I had a nodding acquaintance with GW Bush when he ran the Rangers and I covered baseball for the Houston Chronicle. Along with most of the other Texas ballwriters, I liked him. He was friendly and accessible, often chatting with reporters during pregame batting practice.
We liked his self-deprecating humor. He often spoke about his authorizing “the dumbest trade ever” that sent Sammy Sosa to the White Sox shortly before he erupted into a record-setting slugger. Neither Bush nor anyone else could have any idea what chemical enhancements an athlete might discover in the 1990s.
In late 1993, Selig, the acting commissioner who was professing no interest in permanence, announced another round of committee chairs. And once again, no Bush. So I confronted Selig and asked him why my fellow Texan got no appointment to anything.
“Because he’s going to run for governor.”
I hadn’t heard. I called a Chronicle reporter on the politics beat and was told the announcement was expected soon. I was surprised. If he was unworthy of a committee chair in MLB, I could not conceive of Bush as governor, much less President.
Bush had struck me as just another undistinguished presidential son, of which this country has had many. Prior to his fling in baseball, W had failed in the oil business despite a setup from his very successful dad. The son ran an oil company aptly named Arbusto that went bust-o at a time when the rest of the oil patch was booming.
But George W. Bush is resilient and versatile. He made himself useful in his father’s presidency. And after his Washington experience a door magically opened for him in baseball, and he did not stumble this time. it was easy to sense his passion for the game and his marketing imagination and dexterity.
Murray Chass, who covered baseball for The New York Times, wrote: “I was not a fan of Bush 43 but I did like Bush as managing general partner of the Texas Rangers. He would have been a good commissioner.”

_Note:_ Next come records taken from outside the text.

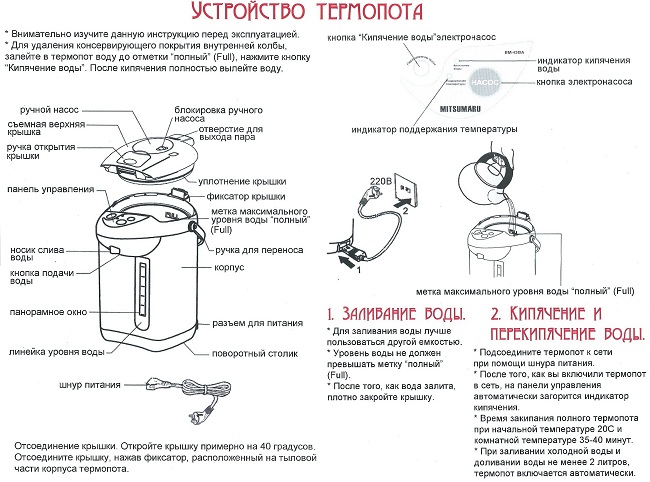 Термопот устройство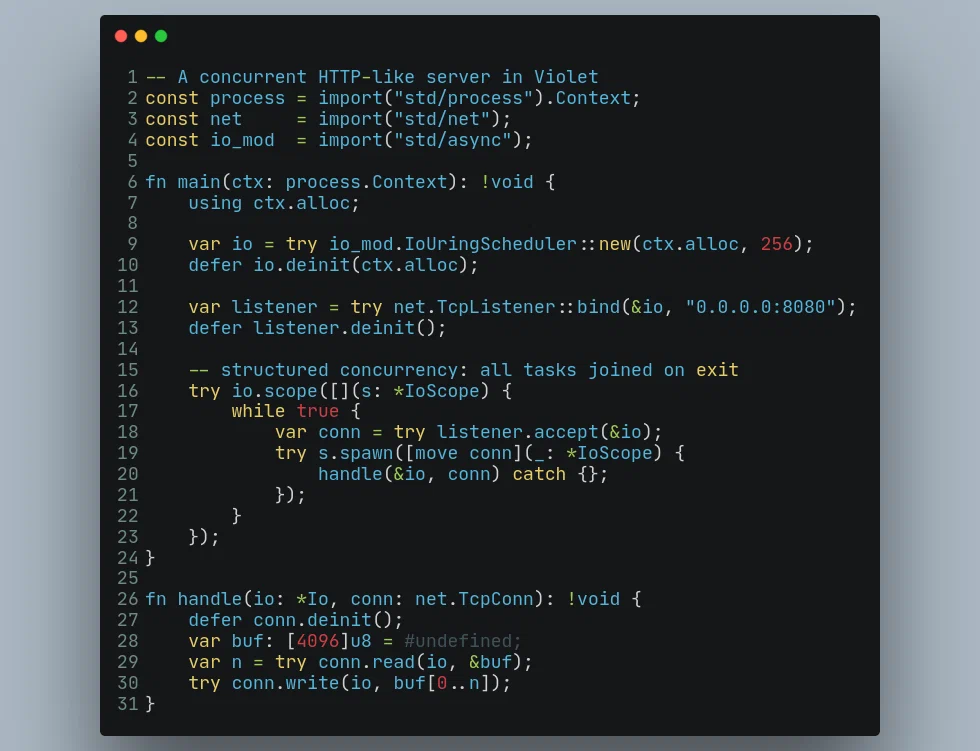Lotus Docs Screenshot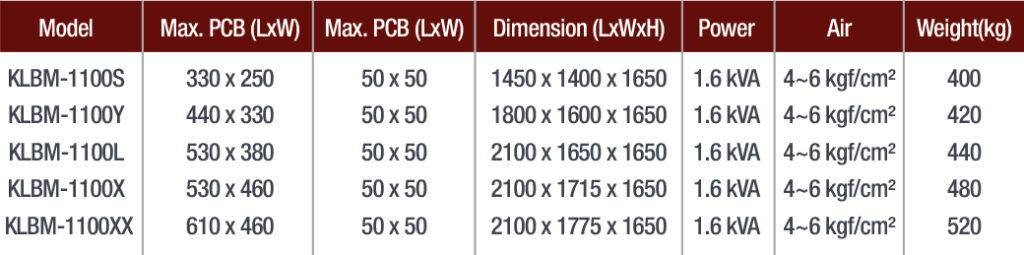 Auto Label Placement Machine auto label chart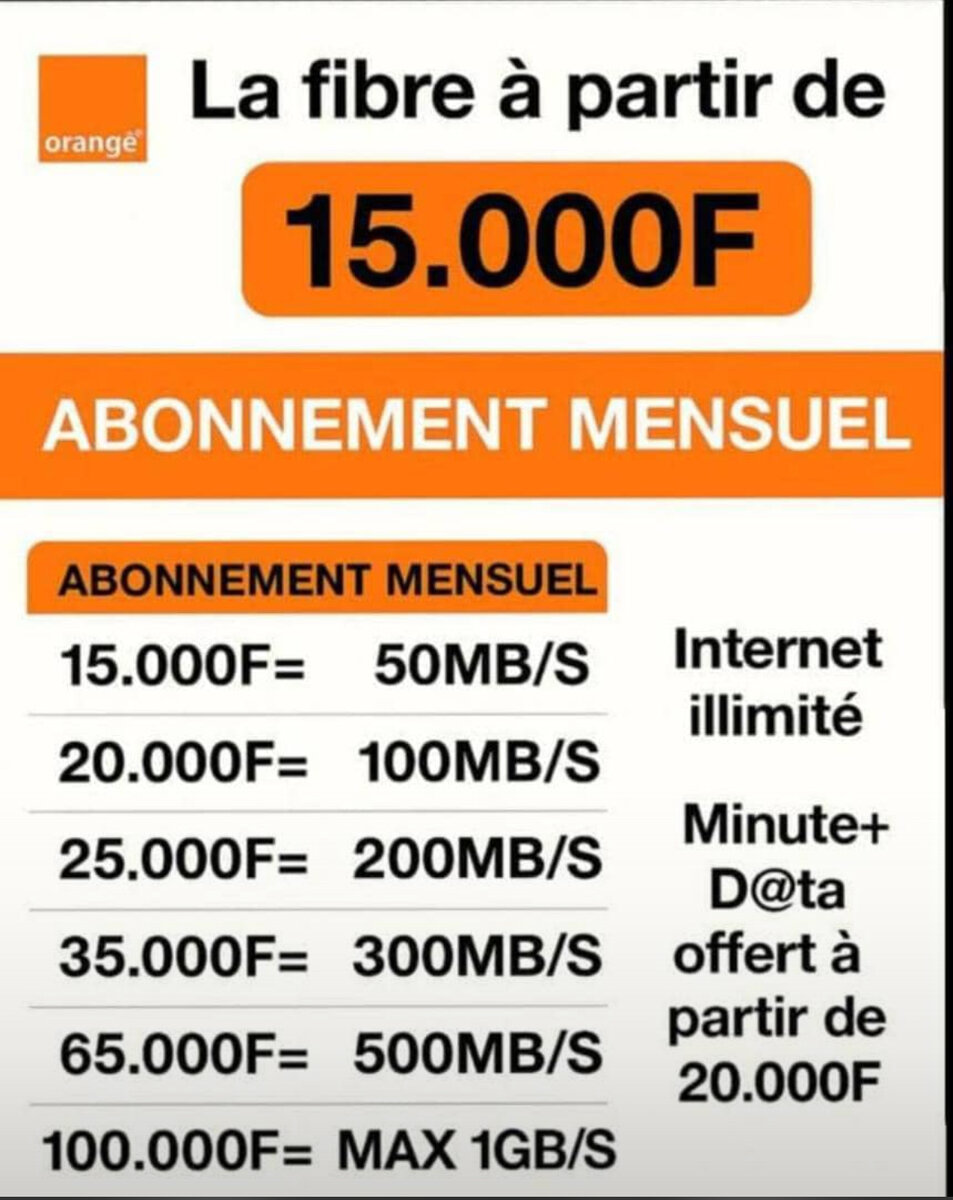 Routeur WiFi 6 La Fibre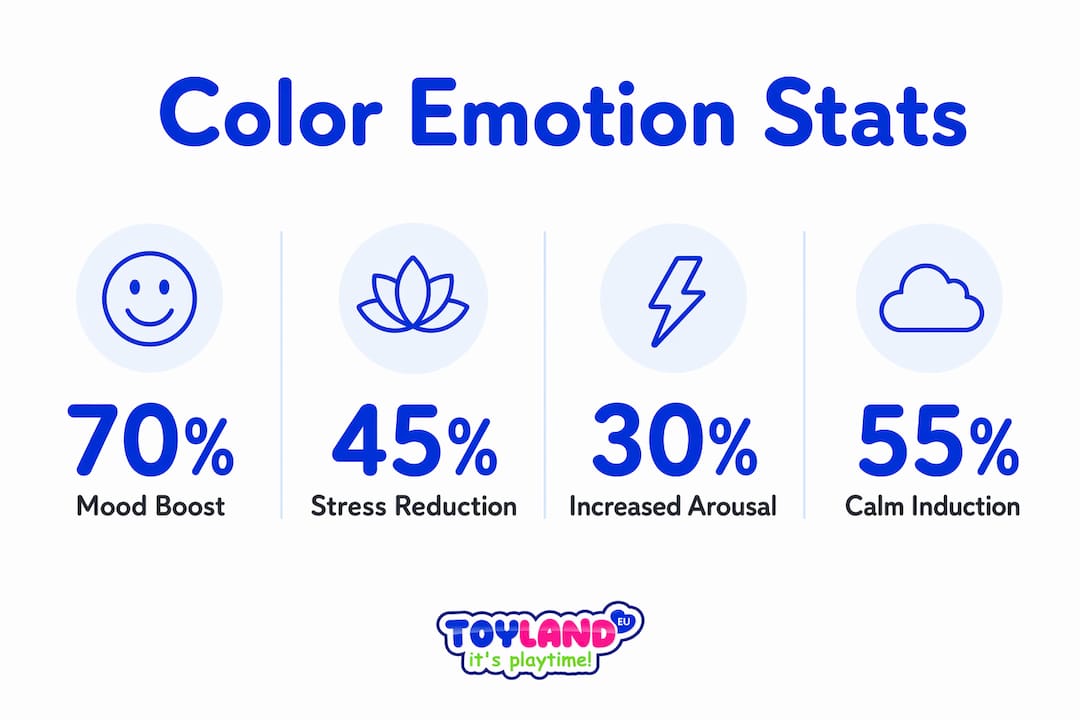 Infographic illustrating color psychology emotion statistics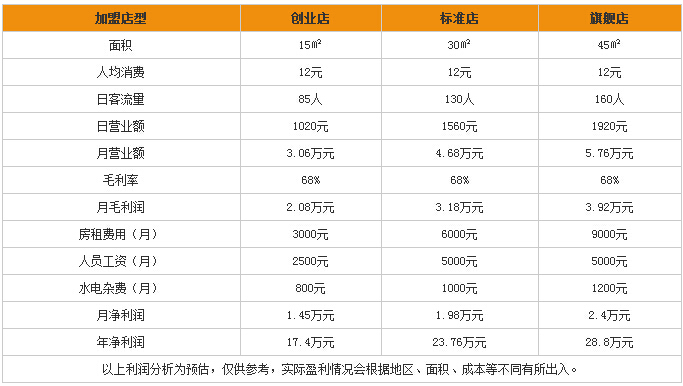 加盟熱麥奶茶店怎么樣-口碑火爆賺錢自然不在話下_4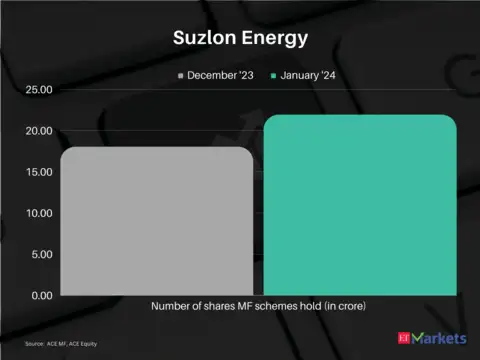 Suzlon Energy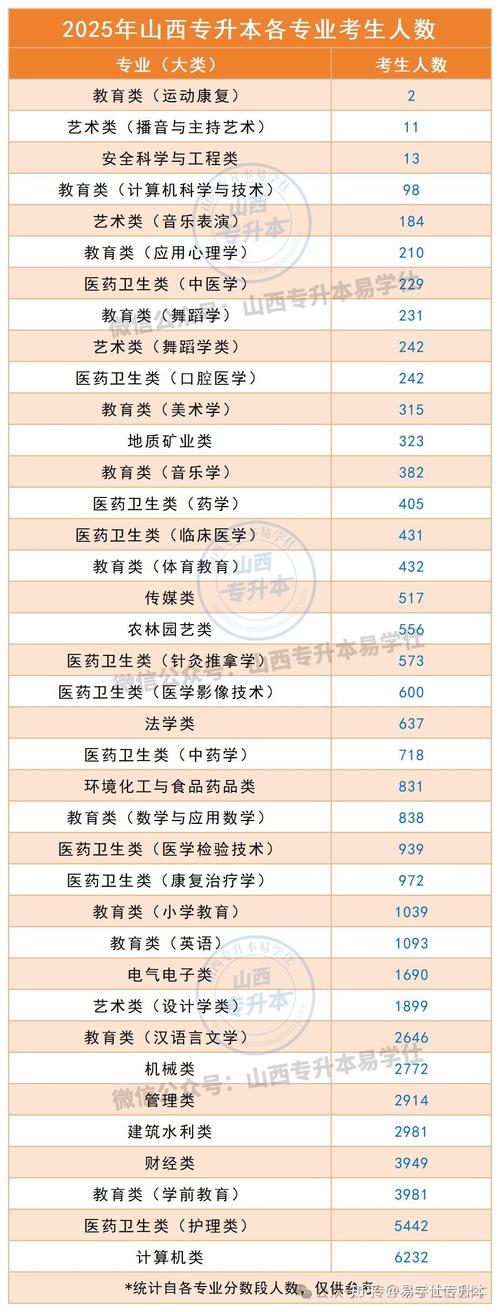 山西2025护理专升本怎么报名？-图2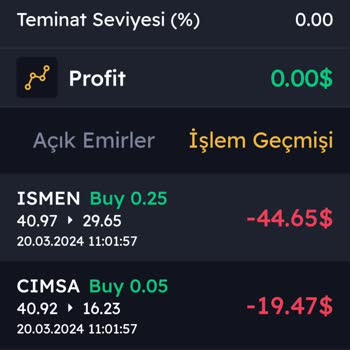 Kuveyt Menkul Değerler Yatırım Yaparken Mağduriyet Yaşadım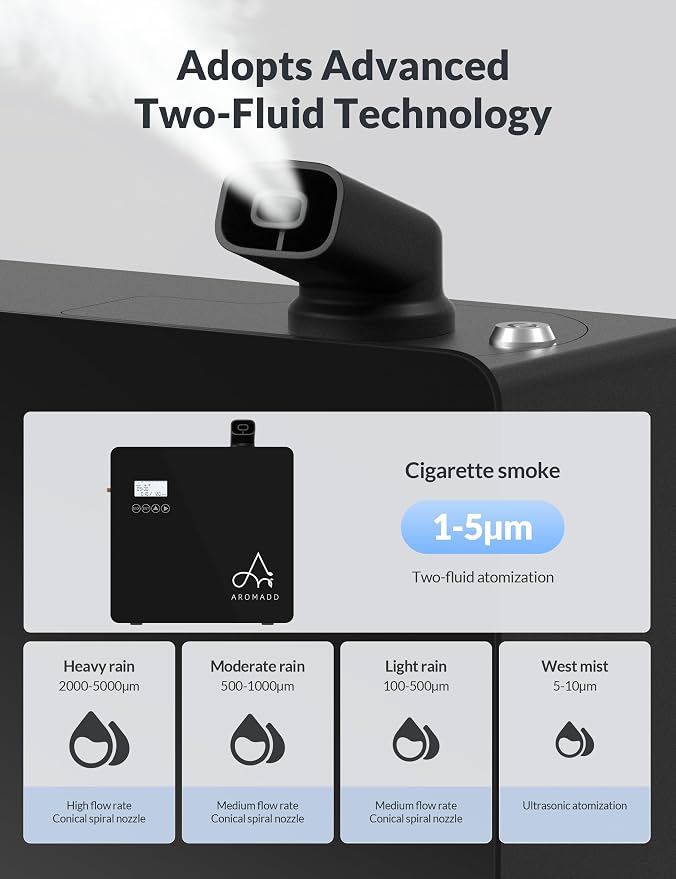 2026 Upgraded 3500 Sq.Ft HVAC Scent Diffuser for Home | Smart Whole House Waterless Diffuser with App & Remote Control, Hotel Collection Diffuser, Cold Air Tech, 600mL, Black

Who knows, with his ability to connect with those who mostly disagreed with him (Ted Kennedy, Bill Clinton), Bush might have prevented the canceling of the 1994 World Series, the most damaging event in baseball history.
Bush befriended Selig – or thought he did. But Chass, inspired by the recent death and celebration of the first President Bush, posted a blog explaining Selig’s strange maneuvering. “So he himself could become commissioner.”
Throughout 1993, Bush “repeatedly told Selig he had to make a decision – baseball or politics. But Selig repeatedly procrastinated. Finally, Bush could wait no longer and opted for the Texas gubernatorial race.”
Chass reveals a recent conversation he had with Fay Vincent, the commissioner who was supplanted by Selig and Reinsdorf in a 1992 coup. Vincent said Bush called him “some months after I left baseball,” when “Bud Selig was acting commissioner even though he was owner of the Milwaukee Brewers — in my opinion, a walking conflict of interest.
“George said: ‘Selig tells me he would love for me to be commissioner, and he can deliver it.’ I said, ‘George, my guess is that Selig wants the job himself.’”
Chass reaches a conclusion that does not seem far-fetched: “Without Selig’s procrastination, Bush would have been baseball commissioner and Al Gore might have been president.”
That theory fits what sources close to the Bushes have said, that the family plan was for Jeb Bush to become president and for his older brother George to be baseball commissioner.
What does seem far-fetched is that W could have been so naïve. Didn’t he wonder, as I did, and Vincent did, why the commissioner kept snubbing him? I like to think it was modesty and humility on the future President’s part.
My guess is that Chass is correct, that Selig’s plan all along was to become permanent commissioner, which happened for him in 1998. By then, his friend George was looking at the presidency, which he attained in 2000. Which led, eventually, to a successful career as a portrait painter. “A surprisingly adept artist,” wrote The New York Times critic. What a winding road.